Department of Biology, Terrestrial Ecology Unit, Ghent University, Ghent, Belgium.
Plant Biol (Stuttg). 2012 Mar;14(2):271-7. doi: 10.1111/j.1438-8677.2011.00497.x. Epub 2011 Aug 23.
Selecting an appropriate variable subset in linear multivariate methods is an important methodological issue for ecologists. Interest often exists in obtaining general predictive capacity or in finding causal inferences from predictor variables. Because of a lack of solid knowledge on a studied phenomenon, scientists explore predictor variables in order to find the most meaningful (i.e. discriminating) ones. As an example, we modelled the response of the amphibious softwater plant Eleocharis multicaulis using canonical discriminant function analysis. We asked how variables can be selected through comparison of several methods: univariate Pearson chi-square screening, principal components analysis (PCA) and step-wise analysis, as well as combinations of some methods. We expected PCA to perform best. The selected methods were evaluated through fit and stability of the resulting discriminant functions and through correlations between these functions and the predictor variables. The chi-square subset, at P < 0.05, followed by a step-wise sub-selection, gave the best results. In contrast to expectations, PCA performed poorly, as so did step-wise analysis. The different chi-square subset methods all yielded ecologically meaningful variables, while probable noise variables were also selected by PCA and step-wise analysis. We advise against the simple use of PCA or step-wise discriminant analysis to obtain an ecologically meaningful variable subset; the former because it does not take into account the response variable, the latter because noise variables are likely to be selected. We suggest that univariate screening techniques are a worthwhile alternative for variable selection in ecology.

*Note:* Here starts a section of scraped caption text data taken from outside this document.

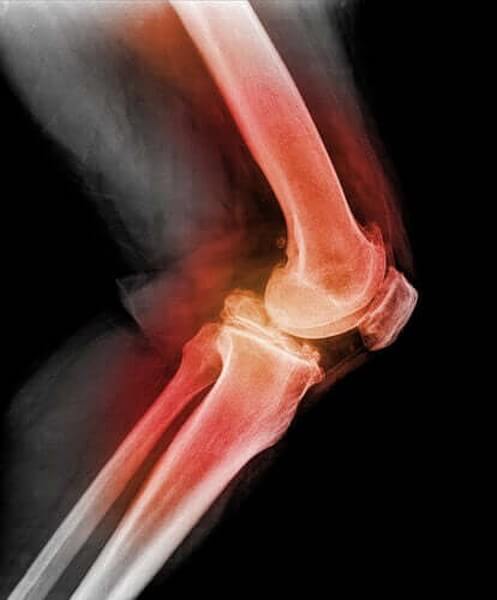 Knæskallen går af led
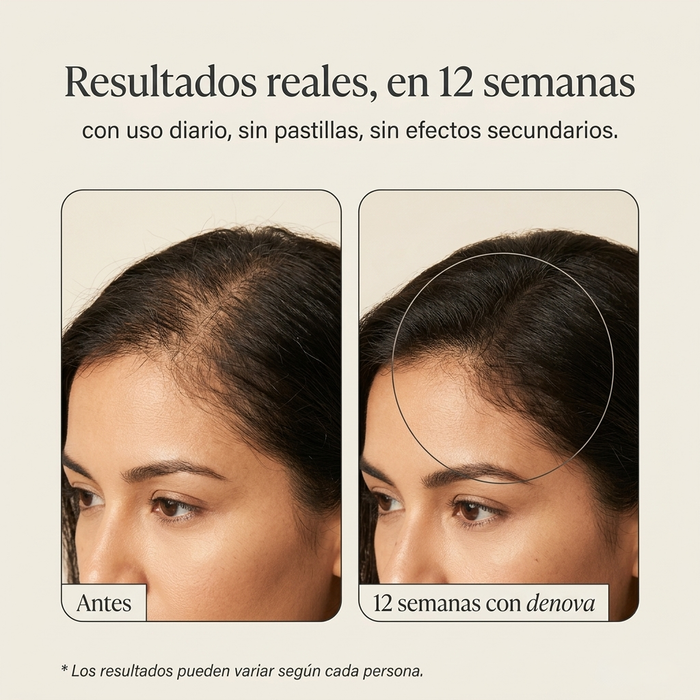 Roll-on Capilar · DENOVA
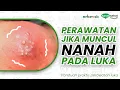 Download Lagu Perawatan Jika Muncul Nanah Pada Luka | Kanal Sehat Metcovazin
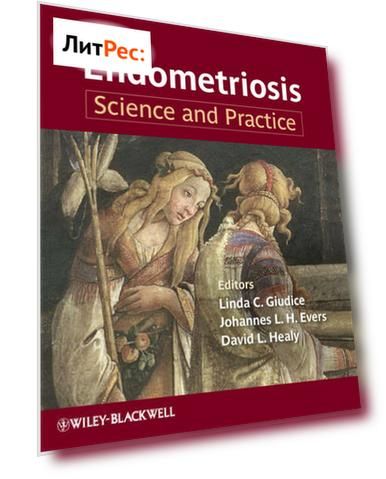 Endometriosis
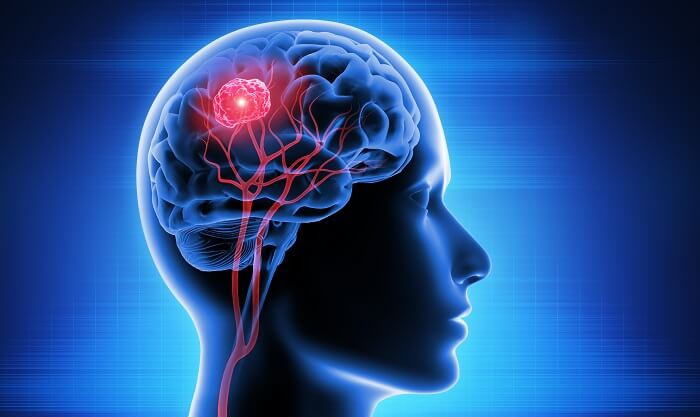 IA mostra-se promissora no tratamento de câncer cerebral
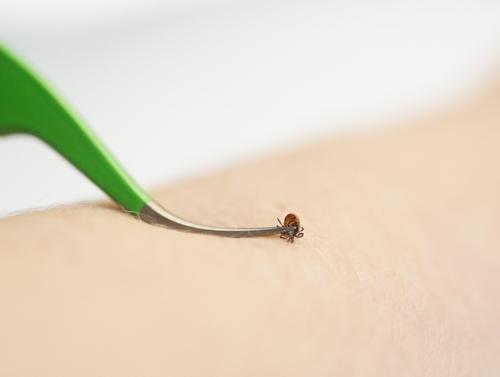 Show full view: TickCheck Premium Dog Tick Removal Kit slide 4 of 8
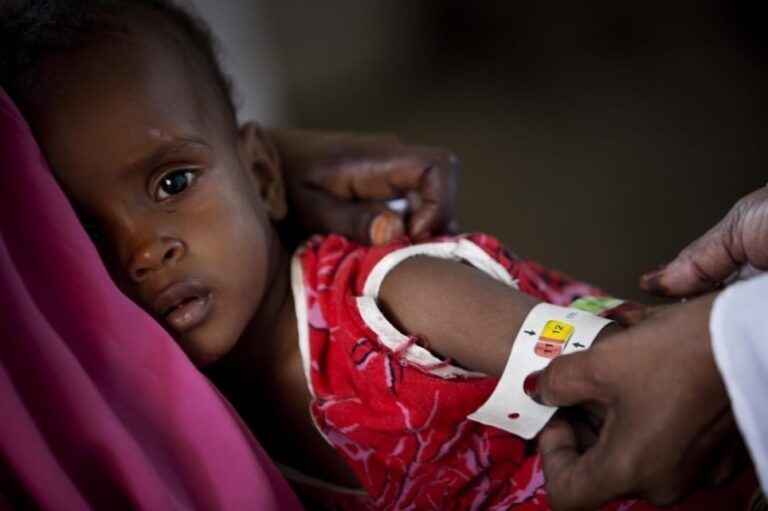 Sri Lanka: Malnutrition rate could be over 20% & Govt. appeal donors to help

在线性多元方法中选择合适的变量子集是生态学家的一个重要方法问题。人们通常对获得一般预测能力或从预测变量中得出因果推论感兴趣。由于对所研究现象缺乏坚实的知识,科学家们探索预测变量以找到最有意义的(即区分性)变量。例如,我们使用典型判别函数分析来模拟两栖软水植物多刺薹草的响应。我们询问如何通过比较几种方法来选择变量:单变量 Pearson 卡方筛选、主成分分析 (PCA) 和逐步分析,以及一些方法的组合。我们预计 PCA 表现最佳。通过对判别函数的拟合和稳定性以及这些函数与预测变量之间的相关性来评估所选方法。在 P < 0.05 时,选择卡方子集,然后进行逐步子选择,可获得最佳结果。与预期相反,PCA 和逐步分析表现不佳。不同的卡方子集方法都产生了具有生态意义的变量,而 PCA 和逐步分析也选择了可能的噪声变量。我们建议不要简单地使用 PCA 或逐步判别分析来获得具有生态意义的变量子集;前者是因为它没有考虑到响应变量,后者是因为可能会选择噪声变量。我们建议单变量筛选技术是生态学中变量选择的一种有价值的替代方法。